YES – Surfing in Birch Bay

While Westport remains the spot for consistent waves year round, many people are surprised to learn that there are surfable waves in Birch Bay 10-15 times a year. While these waves are almost always small (1ft-2ft) and often only break for 1-2 hours, there have been some larger (3ft-4ft) days in previous years.

The most popular spot to catch waves is in the middle of Birch Bay State Park (at the point) – this surf spot is named Seaman Spit for its spit of sand at low tide that causes it to break, and its discoverer, Gary Seaman, a surfboard and kayak designer. On larger days rides can take you all the way down the shore 50 yards or more.

There are also people who surf on the other side of the bay near Birch Bay Villages or South of Birch Bay near Cherry Point when wind is out of the S or SW however these rides are much shorter.

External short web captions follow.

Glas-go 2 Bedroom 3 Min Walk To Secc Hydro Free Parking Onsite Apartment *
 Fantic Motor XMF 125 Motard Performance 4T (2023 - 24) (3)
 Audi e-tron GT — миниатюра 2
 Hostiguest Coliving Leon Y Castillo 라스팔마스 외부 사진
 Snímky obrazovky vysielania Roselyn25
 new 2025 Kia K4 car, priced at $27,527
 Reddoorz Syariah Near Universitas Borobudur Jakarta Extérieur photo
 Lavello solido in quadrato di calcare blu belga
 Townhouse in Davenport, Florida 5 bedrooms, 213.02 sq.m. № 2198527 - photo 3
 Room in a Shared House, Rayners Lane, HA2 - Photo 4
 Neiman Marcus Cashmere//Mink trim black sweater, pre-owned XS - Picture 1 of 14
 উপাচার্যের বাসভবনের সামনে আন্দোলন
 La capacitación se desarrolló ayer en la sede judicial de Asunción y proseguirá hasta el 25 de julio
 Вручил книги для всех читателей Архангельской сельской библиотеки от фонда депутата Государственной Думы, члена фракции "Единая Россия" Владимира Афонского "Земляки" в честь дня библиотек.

While prone surfing is possible on bigger days most surfers here ride SUP’s as they can catch the smaller waves. You’ll often find Surf Skis, Kayakers, and Kiteboarders out enjoying the waves as well.


Waves in the bay are generated by strong winds out of the SW, W, or NW with the NW winds creating the best bet for possible surf conditions. The strongest waves occur when windswell combines with an incoming tide.

You can check the Halibut Bank Buoy for wind direction and swell (seas). Readings above 3ft for waves with NW winds offer a chance the waves will make it to Birch Bay.


Another good resource is Windonthewater.com as you can see the wind direction readings for multiple locations around Puget Sound.